Segment Start: Provided information

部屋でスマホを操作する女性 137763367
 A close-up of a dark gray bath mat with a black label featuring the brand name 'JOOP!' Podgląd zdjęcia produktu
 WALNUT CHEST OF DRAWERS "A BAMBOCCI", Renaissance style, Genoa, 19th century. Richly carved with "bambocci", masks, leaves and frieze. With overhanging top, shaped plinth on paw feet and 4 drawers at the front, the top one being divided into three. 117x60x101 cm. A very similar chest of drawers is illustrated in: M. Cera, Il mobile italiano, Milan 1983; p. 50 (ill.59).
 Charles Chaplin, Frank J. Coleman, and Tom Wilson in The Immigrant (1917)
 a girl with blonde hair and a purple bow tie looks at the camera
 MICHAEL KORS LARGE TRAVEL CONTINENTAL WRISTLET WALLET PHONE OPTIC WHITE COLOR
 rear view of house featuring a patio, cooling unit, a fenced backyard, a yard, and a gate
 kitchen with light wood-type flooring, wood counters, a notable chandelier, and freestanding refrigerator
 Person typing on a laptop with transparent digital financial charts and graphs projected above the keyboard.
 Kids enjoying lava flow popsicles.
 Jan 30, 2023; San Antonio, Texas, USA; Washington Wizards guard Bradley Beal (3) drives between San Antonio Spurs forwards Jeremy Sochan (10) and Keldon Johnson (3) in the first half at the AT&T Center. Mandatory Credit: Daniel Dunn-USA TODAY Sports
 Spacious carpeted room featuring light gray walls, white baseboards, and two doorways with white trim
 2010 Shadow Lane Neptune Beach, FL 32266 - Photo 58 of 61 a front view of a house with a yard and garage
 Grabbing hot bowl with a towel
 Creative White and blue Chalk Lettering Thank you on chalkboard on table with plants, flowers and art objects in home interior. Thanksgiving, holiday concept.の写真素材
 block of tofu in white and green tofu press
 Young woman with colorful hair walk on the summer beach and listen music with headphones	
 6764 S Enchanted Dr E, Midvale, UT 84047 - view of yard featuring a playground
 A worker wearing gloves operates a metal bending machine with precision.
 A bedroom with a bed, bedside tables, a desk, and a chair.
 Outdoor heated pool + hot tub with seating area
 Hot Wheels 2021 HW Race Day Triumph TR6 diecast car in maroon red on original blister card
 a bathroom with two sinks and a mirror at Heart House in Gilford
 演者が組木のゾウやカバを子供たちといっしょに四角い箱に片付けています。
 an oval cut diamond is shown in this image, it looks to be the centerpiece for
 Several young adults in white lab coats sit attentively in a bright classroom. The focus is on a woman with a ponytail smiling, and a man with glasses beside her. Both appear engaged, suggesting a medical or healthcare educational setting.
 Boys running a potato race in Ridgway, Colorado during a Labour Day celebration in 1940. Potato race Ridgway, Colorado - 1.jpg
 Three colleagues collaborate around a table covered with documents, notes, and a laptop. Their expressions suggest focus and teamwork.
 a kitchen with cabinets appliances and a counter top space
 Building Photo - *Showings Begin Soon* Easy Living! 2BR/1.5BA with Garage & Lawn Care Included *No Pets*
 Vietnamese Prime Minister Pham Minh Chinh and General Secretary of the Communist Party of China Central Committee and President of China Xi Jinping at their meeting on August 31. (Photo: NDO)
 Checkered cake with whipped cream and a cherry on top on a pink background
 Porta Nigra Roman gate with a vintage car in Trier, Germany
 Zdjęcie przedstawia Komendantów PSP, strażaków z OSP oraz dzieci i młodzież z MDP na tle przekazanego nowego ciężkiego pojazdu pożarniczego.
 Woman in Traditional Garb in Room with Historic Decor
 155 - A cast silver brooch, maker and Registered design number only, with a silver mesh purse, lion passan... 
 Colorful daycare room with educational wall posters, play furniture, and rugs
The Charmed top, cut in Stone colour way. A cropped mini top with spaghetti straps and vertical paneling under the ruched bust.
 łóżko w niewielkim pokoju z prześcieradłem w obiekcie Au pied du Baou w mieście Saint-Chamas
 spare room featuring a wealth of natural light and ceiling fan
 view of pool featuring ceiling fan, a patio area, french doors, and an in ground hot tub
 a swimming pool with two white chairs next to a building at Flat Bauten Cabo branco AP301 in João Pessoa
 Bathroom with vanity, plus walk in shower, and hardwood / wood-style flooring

Segment End: Provided information

### Action item
Among the lines of the data, identify those with the word "laptop". Copy each of them.

### Exercise result
 Person typing on a laptop with transparent digital financial charts and graphs projected above the keyboard.
 Three colleagues collaborate around a table covered with documents, notes, and a laptop. Their expressions suggest focus and teamwork.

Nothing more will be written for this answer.